Nascido em um território marcado pela vulnerabilidade social e com um dos menores índices de desenvolvimento humano da região metropolitana, o Futcoque foi pensado para oferecer uma alternativa concreta à ociosidade, à violência e à exclusão. Aqui, o futebol vira afeto, orientação e oportunidade real de mudança.
Alinhado ao ODS 4 – Educação de Qualidade, o projeto acredita no esporte como um espaço de formação integral. Mais do que ensinar a jogar, o Futcoque ensina a conviver, respeitar, sonhar.
Hoje, com o apoio de 6 voluntários e 50 beneficiários diretos, o projeto oferece:
Aulas de futsal com foco técnico e tático, desenvolvendo habilidades esportivas e físicas;
Formação social com rodas de conversa sobre cidadania, ética, educação e respeito;
Eventos e torneios internos, fortalecendo o espírito de equipe e a autoestima;
Atividades recreativas, para garantir o equilíbrio entre lazer, saúde e crescimento emocional.

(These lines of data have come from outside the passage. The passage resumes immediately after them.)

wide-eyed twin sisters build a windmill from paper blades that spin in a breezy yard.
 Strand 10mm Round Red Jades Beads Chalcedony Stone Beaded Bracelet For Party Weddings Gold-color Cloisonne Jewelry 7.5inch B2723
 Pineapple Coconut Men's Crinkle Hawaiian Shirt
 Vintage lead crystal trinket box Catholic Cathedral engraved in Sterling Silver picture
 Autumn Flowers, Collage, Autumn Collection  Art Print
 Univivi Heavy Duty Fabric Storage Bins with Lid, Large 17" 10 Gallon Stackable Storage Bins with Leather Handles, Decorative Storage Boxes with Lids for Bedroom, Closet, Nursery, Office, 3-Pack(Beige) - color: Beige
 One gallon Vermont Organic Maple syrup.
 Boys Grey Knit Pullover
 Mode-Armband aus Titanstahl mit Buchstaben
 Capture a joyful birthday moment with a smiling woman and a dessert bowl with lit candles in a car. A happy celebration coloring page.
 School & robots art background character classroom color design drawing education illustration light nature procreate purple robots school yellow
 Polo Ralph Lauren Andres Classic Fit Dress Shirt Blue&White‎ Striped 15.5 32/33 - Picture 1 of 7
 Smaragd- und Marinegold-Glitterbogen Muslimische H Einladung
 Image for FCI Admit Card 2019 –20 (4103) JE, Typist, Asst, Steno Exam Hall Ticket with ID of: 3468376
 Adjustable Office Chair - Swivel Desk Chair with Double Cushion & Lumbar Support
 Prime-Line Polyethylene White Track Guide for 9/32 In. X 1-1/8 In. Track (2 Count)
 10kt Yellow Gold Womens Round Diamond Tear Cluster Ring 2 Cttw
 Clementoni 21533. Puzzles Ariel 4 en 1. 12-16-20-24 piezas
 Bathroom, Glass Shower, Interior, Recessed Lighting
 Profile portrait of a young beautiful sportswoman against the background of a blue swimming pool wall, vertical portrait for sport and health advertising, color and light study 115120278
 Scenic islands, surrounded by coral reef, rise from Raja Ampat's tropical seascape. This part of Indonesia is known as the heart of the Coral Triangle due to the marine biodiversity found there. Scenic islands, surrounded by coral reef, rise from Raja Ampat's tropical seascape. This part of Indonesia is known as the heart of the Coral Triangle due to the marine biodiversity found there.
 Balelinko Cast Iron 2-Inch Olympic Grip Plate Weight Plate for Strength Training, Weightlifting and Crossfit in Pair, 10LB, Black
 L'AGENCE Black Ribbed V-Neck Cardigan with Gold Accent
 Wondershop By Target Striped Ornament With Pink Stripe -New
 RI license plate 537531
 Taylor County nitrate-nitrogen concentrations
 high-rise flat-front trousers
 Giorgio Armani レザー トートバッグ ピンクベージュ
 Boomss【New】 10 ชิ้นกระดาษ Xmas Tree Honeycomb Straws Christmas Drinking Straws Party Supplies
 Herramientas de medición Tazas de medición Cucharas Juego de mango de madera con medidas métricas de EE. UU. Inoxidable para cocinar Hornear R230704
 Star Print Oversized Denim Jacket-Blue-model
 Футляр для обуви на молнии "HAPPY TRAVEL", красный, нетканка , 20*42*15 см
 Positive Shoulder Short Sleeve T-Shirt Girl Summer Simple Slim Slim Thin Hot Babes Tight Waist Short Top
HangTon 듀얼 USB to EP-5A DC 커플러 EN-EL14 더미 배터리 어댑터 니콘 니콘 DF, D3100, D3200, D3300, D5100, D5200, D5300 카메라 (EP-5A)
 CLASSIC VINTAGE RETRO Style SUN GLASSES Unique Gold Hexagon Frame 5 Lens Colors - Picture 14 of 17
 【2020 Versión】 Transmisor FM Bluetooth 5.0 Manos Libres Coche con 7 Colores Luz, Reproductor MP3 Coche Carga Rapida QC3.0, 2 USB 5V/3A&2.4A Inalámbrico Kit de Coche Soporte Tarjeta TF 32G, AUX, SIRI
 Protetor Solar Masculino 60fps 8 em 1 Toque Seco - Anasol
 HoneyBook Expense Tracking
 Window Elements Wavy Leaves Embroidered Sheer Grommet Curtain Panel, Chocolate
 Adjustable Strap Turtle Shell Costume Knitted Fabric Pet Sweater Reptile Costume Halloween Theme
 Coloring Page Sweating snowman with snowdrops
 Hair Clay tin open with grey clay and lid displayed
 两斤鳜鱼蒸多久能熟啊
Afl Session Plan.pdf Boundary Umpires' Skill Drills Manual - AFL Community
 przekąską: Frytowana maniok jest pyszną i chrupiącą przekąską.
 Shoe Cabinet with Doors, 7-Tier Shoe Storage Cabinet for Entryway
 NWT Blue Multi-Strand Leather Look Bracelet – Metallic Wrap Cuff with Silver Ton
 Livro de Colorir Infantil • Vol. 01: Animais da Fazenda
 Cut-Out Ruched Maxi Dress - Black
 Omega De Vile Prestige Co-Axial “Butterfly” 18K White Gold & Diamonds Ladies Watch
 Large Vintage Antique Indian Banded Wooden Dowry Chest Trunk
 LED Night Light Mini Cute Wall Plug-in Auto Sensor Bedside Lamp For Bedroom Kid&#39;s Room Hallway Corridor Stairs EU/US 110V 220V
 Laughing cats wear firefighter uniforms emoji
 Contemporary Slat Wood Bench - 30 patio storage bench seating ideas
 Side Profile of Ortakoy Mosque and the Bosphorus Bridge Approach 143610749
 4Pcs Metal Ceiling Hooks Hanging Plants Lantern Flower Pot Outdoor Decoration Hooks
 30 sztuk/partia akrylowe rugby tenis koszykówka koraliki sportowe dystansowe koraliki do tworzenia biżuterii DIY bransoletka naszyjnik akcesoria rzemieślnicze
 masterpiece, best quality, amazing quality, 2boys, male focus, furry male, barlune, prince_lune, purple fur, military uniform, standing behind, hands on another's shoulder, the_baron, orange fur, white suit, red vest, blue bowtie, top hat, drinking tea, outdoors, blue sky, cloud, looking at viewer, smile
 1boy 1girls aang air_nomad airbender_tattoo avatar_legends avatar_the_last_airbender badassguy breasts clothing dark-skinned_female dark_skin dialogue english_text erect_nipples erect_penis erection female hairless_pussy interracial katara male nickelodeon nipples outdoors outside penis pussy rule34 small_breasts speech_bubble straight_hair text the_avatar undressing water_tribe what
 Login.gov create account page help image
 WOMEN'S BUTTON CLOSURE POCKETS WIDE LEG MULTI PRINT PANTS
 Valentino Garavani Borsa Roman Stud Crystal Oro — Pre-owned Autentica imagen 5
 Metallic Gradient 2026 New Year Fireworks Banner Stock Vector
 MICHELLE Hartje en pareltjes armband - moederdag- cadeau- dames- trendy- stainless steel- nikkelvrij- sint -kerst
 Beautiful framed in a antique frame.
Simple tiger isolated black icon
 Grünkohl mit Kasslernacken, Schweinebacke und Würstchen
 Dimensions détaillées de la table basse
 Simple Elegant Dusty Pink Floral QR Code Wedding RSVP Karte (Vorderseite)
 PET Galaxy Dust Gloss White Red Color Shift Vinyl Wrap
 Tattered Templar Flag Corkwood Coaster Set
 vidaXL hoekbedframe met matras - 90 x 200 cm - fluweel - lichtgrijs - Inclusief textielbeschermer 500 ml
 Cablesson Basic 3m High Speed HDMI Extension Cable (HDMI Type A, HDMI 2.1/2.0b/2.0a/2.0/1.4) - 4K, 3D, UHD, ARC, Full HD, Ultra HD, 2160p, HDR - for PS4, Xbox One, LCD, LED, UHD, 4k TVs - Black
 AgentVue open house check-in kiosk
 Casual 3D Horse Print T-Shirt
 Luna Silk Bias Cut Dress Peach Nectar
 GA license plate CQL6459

Como conta o idealizador, Marcos Kleyton:
“O que me motivou foi ver de perto a realidade do Coque, onde as crianças estão expostas à vulnerabilidade e a caminhos indesejáveis. O Futcoque nasceu do desejo de transformar isso por meio do esporte. Acreditamos que o futsal é mais do que um jogo — é uma ferramenta de educação, disciplina, convivência e esperança. Ver o brilho nos olhos das crianças, o desempenho melhorando na escola, as famílias se aproximando, torcendo e participando… isso não tem preço. É a resposta clara de que estamos no caminho certo. Queremos ampliar, alcançar mais crianças, envolver mais famílias e voluntários.”
Neste Dia Nacional do Futebol, o Futcoque nos lembra que o futebol pode ser muito mais do que competição — pode ser inclusão, educação e transformação social.
Vamos juntos apoiar iniciativas que acreditam no jogo como forma de construir um futuro mais justo?